[[ Raw data open ]]
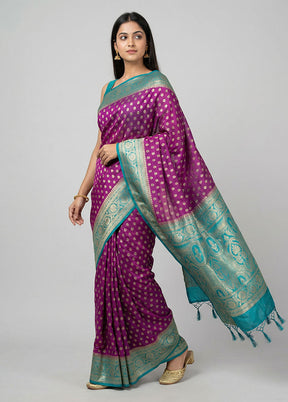 Purple Dupion Silk Saree With Blouse Piece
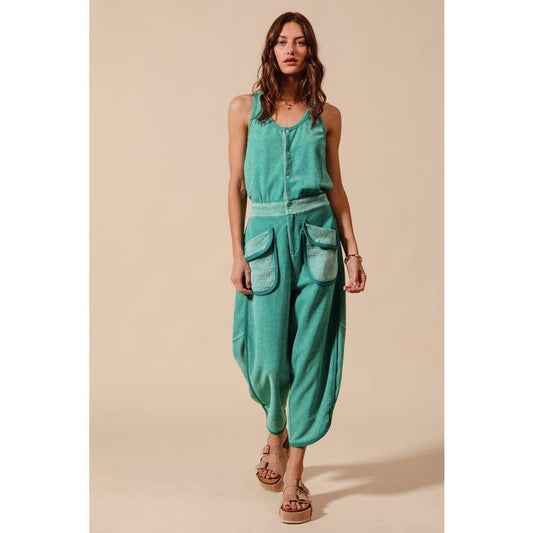 Mineral Washed Snap Front Terry Jumpsuit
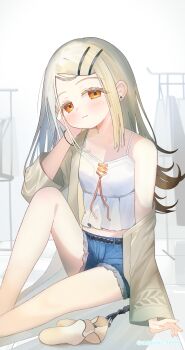1girl :3 absurdres bare_legs blonde_hair blush camisole colored_eyelashes commentary_request denim denim_shorts earrings feet_out_of_frame flipped_hair gakuen_idolmaster grey_hair hand_on_own_cheek hand_on_own_face highres idolmaster jewelry knee_up long_hair looking_at_viewer orange_eyes robe shinosawa_hiro shishiodoshi shoes short_shorts shorts single_bare_shoulder sitting solo stud_earrings unworn_shoes white_camisole white_robe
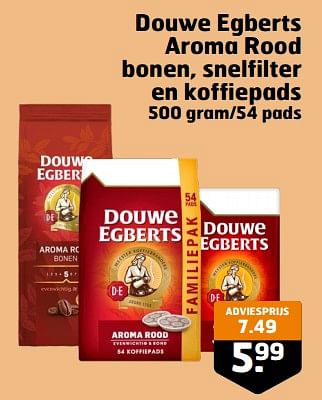 Aanbiedingen Douwe egberts aroma rood bonen, snelfilter en koffiepads - Douwe Egberts - Geldig van 05/09/2023 tot 17/09/2023 bij Trekpleister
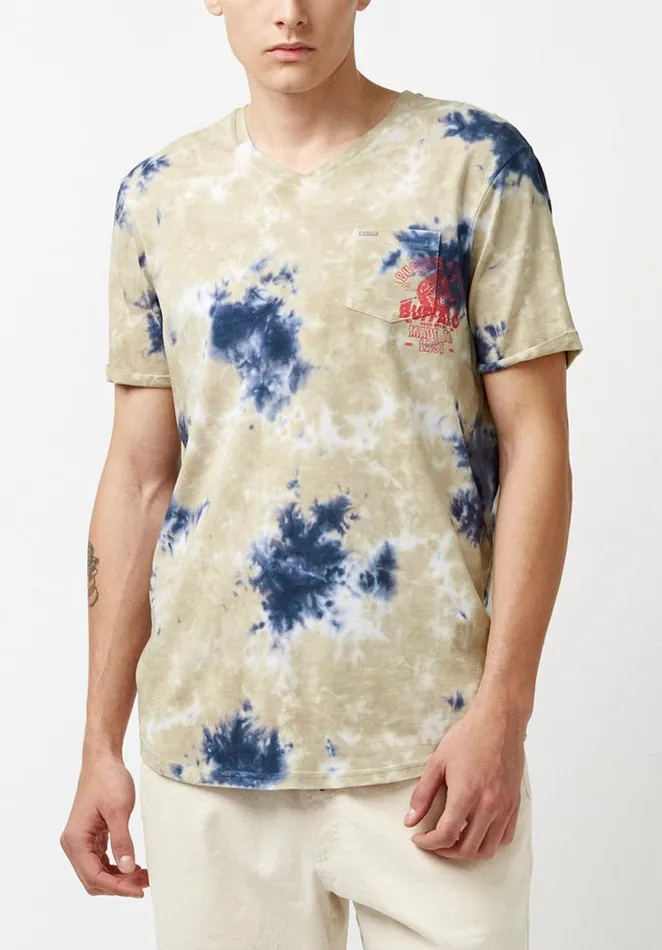 Men Kolis Tie Dye Beige TShirt Tan Buffalo David Bitton Tops and Tees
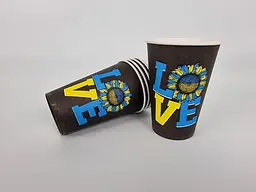 Стакан кольоровий паперовий одноразовий "LOVE" об'єм 340 мл Маестро 50 шт/уп. - мініатюра 4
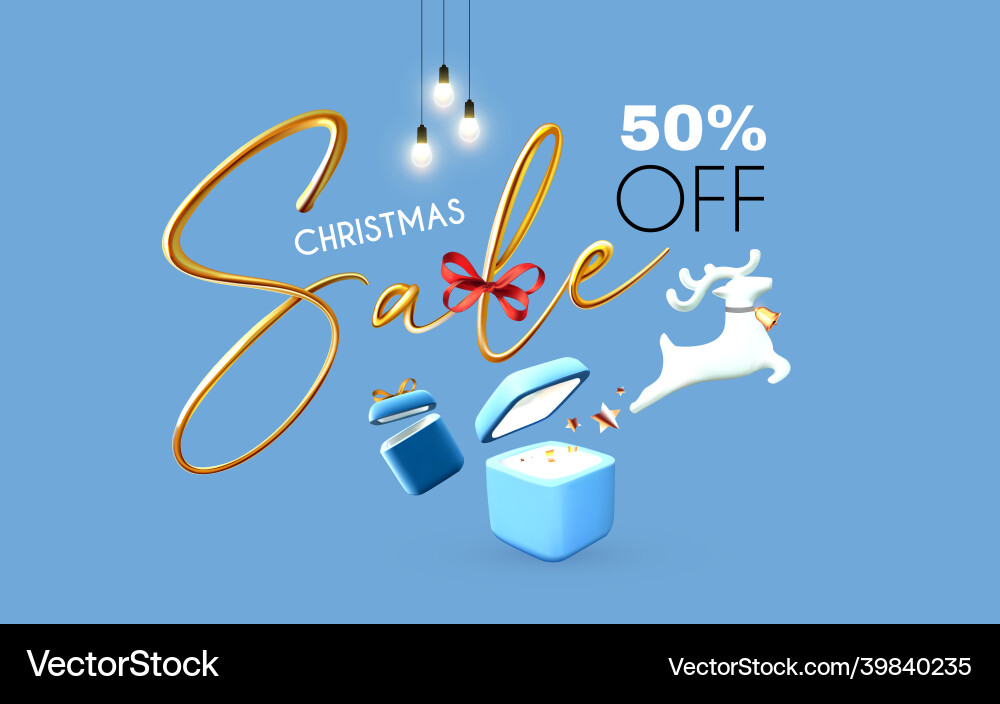 Weihnachtsverkauf 3d Saison bieten Banner mit goldenen Weihnachtsverkauf 3d Saison bieten Banner mit goldenen vektorbild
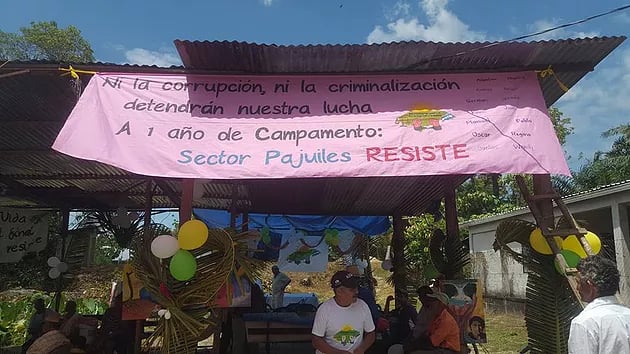 The Pajuiles community protest camp in northern Honduras celebrates its one year anniversary on March 22, 2018.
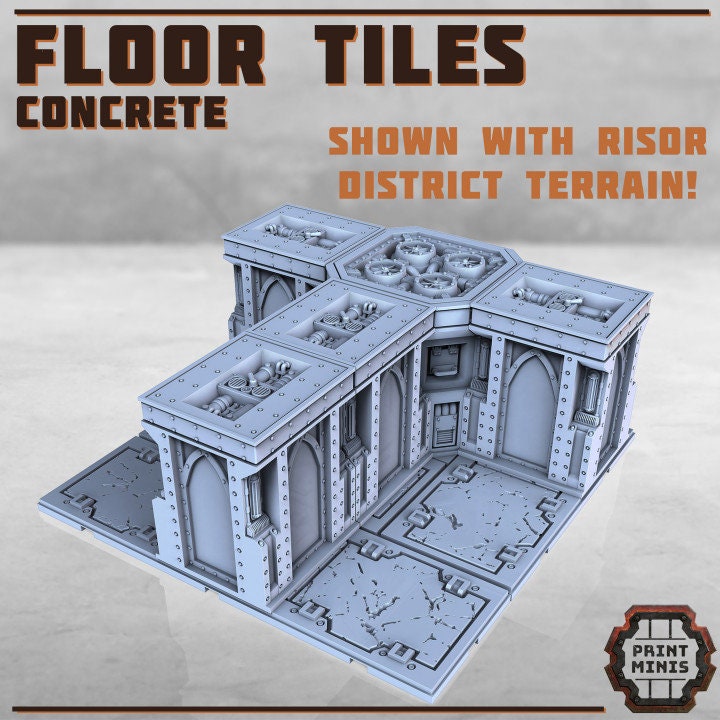 Risor District Concrete Floor Tiles - Scenery Kit - Print Minis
[[ Raw data closed ]]
Only lines belong in the copy, not pictures: write out exactly the lines of the records from the first through the one holding "The Pajuiles community".

- Solved exercise:
 Purple Dupion Silk Saree With Blouse Piece
 Mineral Washed Snap Front Terry Jumpsuit
1girl :3 absurdres bare_legs blonde_hair blush camisole colored_eyelashes commentary_request denim denim_shorts earrings feet_out_of_frame flipped_hair gakuen_idolmaster grey_hair hand_on_own_cheek hand_on_own_face highres idolmaster jewelry knee_up long_hair looking_at_viewer orange_eyes robe shinosawa_hiro shishiodoshi shoes short_shorts shorts single_bare_shoulder sitting solo stud_earrings unworn_shoes white_camisole white_robe
 Aanbiedingen Douwe egberts aroma rood bonen, snelfilter en koffiepads - Douwe Egberts - Geldig van 05/09/2023 tot 17/09/2023 bij Trekpleister
 Men Kolis Tie Dye Beige TShirt Tan Buffalo David Bitton Tops and Tees
 Стакан кольоровий паперовий одноразовий "LOVE" об'єм 340 мл Маестро 50 шт/уп. - мініатюра 4
 Weihnachtsverkauf 3d Saison bieten Banner mit goldenen Weihnachtsverkauf 3d Saison bieten Banner mit goldenen vektorbild
 The Pajuiles community protest camp in northern Honduras celebrates its one year anniversary on March 22, 2018.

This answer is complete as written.